A alegria e as coreografias, porém, ficaram no âmbito estadual. Ao fim do campeonato, o semblante mudou. De Ronaldinho e da torcida. As notícias de festas até altas horas levaram a iniciativas como o "Disque-Dentuço", serviço colocava à disposição um número de telefone para vigiar os passos do jogador pela vida noturna do Rio de Janeiro. O departamento de futebol do clube chegou a pedir ajuda até mesmo ao irmão e empresário do craque, Assis, para conter os excessos do caçula.

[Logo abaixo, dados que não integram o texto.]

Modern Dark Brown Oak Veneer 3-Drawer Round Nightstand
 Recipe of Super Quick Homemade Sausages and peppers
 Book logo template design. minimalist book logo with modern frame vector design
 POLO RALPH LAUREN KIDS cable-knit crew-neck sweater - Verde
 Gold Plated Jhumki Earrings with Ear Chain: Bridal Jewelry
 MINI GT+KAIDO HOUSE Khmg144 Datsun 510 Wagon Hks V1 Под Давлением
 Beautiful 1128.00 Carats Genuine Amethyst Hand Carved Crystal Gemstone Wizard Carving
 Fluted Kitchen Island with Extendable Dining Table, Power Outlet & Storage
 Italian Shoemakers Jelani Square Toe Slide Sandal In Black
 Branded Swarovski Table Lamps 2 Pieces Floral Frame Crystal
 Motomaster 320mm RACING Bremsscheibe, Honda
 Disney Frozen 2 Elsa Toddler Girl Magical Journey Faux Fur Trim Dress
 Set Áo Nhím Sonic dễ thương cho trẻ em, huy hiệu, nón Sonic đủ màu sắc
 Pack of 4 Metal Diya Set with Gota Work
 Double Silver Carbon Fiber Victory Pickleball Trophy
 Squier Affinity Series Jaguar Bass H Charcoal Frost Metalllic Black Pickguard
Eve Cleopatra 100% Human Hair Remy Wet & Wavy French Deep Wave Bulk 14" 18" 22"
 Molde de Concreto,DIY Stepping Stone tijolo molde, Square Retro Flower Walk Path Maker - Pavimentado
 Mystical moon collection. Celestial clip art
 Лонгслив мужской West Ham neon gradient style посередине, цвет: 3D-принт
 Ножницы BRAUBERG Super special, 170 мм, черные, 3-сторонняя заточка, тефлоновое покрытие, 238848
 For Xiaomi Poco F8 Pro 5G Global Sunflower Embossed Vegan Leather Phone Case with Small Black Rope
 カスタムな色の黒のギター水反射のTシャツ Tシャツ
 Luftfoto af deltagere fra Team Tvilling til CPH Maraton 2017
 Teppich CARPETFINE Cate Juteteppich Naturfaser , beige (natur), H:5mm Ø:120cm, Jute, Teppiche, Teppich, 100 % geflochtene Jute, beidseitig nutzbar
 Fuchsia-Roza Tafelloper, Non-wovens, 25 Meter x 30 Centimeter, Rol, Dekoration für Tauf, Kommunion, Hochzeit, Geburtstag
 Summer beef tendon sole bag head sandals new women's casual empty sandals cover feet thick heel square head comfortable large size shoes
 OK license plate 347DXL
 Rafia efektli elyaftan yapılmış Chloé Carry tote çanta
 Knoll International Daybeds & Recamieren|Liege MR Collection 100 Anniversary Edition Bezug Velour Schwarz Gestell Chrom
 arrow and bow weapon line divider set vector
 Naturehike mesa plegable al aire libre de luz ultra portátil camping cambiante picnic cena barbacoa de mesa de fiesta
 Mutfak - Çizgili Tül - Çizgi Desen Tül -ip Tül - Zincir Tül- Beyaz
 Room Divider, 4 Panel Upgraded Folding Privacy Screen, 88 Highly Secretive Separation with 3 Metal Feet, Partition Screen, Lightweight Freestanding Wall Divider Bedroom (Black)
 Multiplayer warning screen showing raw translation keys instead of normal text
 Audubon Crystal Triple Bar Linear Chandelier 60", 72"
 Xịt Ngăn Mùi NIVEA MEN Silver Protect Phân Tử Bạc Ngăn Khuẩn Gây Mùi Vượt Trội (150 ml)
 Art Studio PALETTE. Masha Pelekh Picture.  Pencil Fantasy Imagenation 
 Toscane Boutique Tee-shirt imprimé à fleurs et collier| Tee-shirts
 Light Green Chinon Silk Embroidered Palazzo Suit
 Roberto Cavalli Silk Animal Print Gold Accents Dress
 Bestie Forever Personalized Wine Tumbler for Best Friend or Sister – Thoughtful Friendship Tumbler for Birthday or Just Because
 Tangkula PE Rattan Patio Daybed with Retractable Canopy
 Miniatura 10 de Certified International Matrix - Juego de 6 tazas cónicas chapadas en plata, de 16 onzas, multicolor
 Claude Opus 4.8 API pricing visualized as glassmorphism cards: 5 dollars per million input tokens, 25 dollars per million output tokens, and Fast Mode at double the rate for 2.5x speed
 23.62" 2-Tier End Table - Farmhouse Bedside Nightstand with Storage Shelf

R10 tem noite mágica contra o Santos
Em campo, a fase também não era boa. Depois da conquista invicta do Carioca, o time amargou a primeira derrota na temporada em 5 de maio, para o Ceará, no jogo de ida das quartas de final da Copa do Brasil. Pela primeira vez, Ronaldinho foi vaiado pela torcida. Em sua partida seguinte, em Fortaleza, o camisa 10 viu o Flamengo ser eliminado da competição, perdendo uma chance de chegar à Libertadores.
A má fase ficou de lado em uma noite. Uma noite mágica em que dois gênios do futebol se encontraram. Ronaldinho e Neymar protagonizaram o melhor jogo do Brasileirão de 2011. Depois que o Santos fez 3 a 0 ainda no primeiro tempo, o camisa 10 rubro-negro lembrou seus tempos de Barcelona e marcou três gols, comandando a vitória por 5 a 4 que entrou para a história do campeonato.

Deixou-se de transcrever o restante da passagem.